I proudly shared this photo with my daughters. We were on the cusp of conquering the world. Luther was preparing us... all in our own fields, a cardiologist, a lawyer, a nurse, a businesswoman, etc., with the tools, faith, and enlightenment to be able to calibrate ourselves.
Thanks to all of you for your continued support to Luther and its programs. As we all know, it takes money to keep the college going and Luther has several ways to contribute to the Luther Fund:
· Online: givenow.luther.edu
· Phonathon ($50,406 in the first seven sessions)
· Class Agents
· Reunion Giving
· Senior Giving Program
· Mail Appeals
· Faculty Staff Campaign
· Roots & Wings (campaign for current Luther parents)
· Matching Gifts
The average alumni participation rate last year was 25.75 percent and faculty and staff participation was 50 percent.
For me, the easiest way to give is by a monthly deduction from my bank account as it is simple, quick, affordable, and easy to do. The point is, there are several options and ways you can give back to Luther. Let's get the participation rate up to ensure our college remains the best it can be.
Soli Deo Gloria!!
1985 Class Agents:
Jane (Bakker) Theodore
Judy (Huedepohl) Collins is a special education teaching assistant at North Chicago (Ill.) High School.
Karen (Slattum) Dyson is a behavioral technician at Melrose Center in Saint Louis Park, Minn.
Greg Gerber of Salt Lake City is senior talent acquisition partner at CarrerKarma360.
Charles Hoven is director of sales for Inspired Catering & Events by Karen and Gina Stefani in Chicago.
Janet (Sandquist) Jans teaches vocal music at South View Middle School in Edina, Minn.

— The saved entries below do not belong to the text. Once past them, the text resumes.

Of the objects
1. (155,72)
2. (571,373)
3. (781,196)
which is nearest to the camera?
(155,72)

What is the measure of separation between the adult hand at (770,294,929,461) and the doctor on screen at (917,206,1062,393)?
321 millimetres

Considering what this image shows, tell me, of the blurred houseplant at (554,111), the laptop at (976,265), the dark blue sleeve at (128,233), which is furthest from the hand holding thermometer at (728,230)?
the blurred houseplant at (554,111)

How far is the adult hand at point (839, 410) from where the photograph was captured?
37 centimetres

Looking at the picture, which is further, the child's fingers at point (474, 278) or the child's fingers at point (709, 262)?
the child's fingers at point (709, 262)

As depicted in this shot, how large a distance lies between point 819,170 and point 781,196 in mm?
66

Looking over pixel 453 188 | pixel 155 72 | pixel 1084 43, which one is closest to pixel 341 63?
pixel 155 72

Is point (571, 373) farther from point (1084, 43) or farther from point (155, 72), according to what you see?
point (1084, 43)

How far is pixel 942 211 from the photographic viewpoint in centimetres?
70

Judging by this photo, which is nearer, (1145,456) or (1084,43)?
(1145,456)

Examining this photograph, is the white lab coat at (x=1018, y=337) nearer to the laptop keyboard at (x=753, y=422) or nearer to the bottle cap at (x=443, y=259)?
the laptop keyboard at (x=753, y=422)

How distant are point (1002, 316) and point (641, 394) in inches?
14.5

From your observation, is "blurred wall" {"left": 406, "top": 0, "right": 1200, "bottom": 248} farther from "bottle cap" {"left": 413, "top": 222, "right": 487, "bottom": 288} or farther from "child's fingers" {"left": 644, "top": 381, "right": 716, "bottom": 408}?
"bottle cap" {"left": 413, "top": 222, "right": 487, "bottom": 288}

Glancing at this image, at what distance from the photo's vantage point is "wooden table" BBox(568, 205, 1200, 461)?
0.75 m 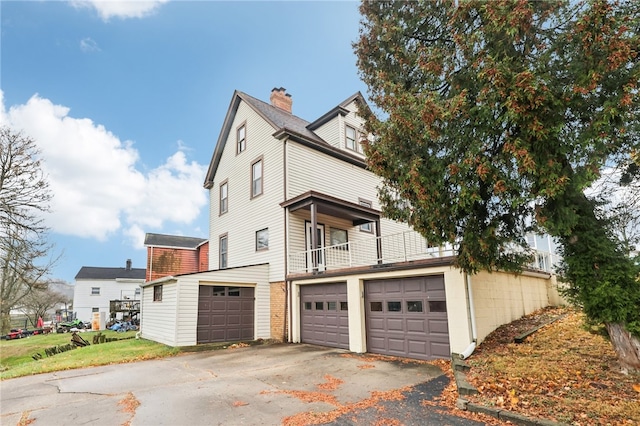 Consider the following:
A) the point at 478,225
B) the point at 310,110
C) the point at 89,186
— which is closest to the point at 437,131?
the point at 478,225

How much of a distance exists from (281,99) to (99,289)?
36421 millimetres

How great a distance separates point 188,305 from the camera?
11.8m

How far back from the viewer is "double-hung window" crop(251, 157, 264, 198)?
15.2m

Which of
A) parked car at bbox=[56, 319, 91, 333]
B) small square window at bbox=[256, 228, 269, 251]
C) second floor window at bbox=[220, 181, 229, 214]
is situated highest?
second floor window at bbox=[220, 181, 229, 214]

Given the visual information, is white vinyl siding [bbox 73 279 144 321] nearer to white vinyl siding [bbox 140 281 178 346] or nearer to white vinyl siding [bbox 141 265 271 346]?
white vinyl siding [bbox 140 281 178 346]

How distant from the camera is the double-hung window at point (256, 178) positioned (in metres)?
15.2

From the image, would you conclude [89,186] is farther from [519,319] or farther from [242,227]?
[519,319]

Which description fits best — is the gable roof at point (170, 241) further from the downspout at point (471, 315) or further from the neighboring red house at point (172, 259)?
the downspout at point (471, 315)

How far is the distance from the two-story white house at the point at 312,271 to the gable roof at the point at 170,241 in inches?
353

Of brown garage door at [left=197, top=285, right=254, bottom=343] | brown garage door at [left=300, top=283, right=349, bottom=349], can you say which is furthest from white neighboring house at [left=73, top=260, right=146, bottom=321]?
brown garage door at [left=300, top=283, right=349, bottom=349]


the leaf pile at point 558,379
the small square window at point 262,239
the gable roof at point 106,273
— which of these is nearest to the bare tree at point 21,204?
the small square window at point 262,239

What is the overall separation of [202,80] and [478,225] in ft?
53.1

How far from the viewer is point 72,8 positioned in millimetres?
11594

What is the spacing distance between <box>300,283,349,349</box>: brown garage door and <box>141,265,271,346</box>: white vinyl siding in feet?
6.16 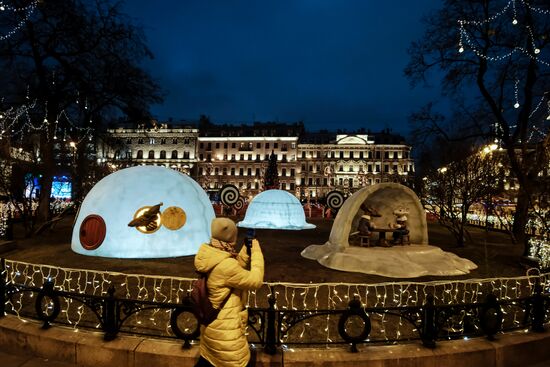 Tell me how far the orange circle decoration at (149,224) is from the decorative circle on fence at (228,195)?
17836mm

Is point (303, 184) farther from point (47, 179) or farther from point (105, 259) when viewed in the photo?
point (105, 259)

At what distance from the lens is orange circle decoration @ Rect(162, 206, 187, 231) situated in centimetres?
1188

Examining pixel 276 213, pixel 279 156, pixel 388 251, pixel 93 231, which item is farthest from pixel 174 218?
pixel 279 156

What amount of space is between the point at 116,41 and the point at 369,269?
20.6 m

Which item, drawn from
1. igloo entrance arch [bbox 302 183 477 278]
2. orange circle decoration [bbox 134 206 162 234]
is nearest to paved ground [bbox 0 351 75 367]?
orange circle decoration [bbox 134 206 162 234]

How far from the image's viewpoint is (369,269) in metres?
10.3

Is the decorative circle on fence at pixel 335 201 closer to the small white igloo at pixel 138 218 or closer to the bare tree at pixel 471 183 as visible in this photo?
the bare tree at pixel 471 183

She recently received the Middle Level Educator of the Year Award from the Minnesota Middle School Association (MMSA). Jans has taught music at South View for nearly 30 years. She currently teaches vocal music, but over the years has taught classroom music, choir, and band. Janet was nominated for the honor by her colleagues. In supporting letters of reference, she was praised as a “master of her subject area,” a collaborator with staff, parents, and community, and a leader. Principal Tim Anderson wrote that Janet is “someone who embodies the notion of going the extra mile… she serves as an advocate for students and families and is known by her colleagues as someone who works for inclusion and success for all learners.”
Jeffrey Barry of Marion, Iowa, died Dec. 11, 2016, at age 53. Born in Iowa City, he and his family lived in Salt Lake City, Utah; Owyhee, Nev.; and Iowa City, Sioux City, and Cedar Rapids, Iowa, during Jeff’s formative years. He graduated in 1981 from Washington High School, where he received varsity letters all three years in cross country, wrestling, and track. Jeff majored in computer science at Luther, and, following a stint in the business world, he returned to school at the University of Iowa, where he earned an MBA in 1989. He married Kalah Mocker in 1993 in Illinois, while employed at IBM. Jeff enjoyed fishing, hunting, shooting, geocaching, reading, board games, giving advice, and playing cards with his daughter, Bridget. He was talented in the kitchen and at painting great Halloween faces. A thoughtful gift giver, Jeff especially loved Christmas Eve. He is survived by his daughter, Bridget; parents; and siblings, Julia Weston and Jonathan Barry, and their spouses and children.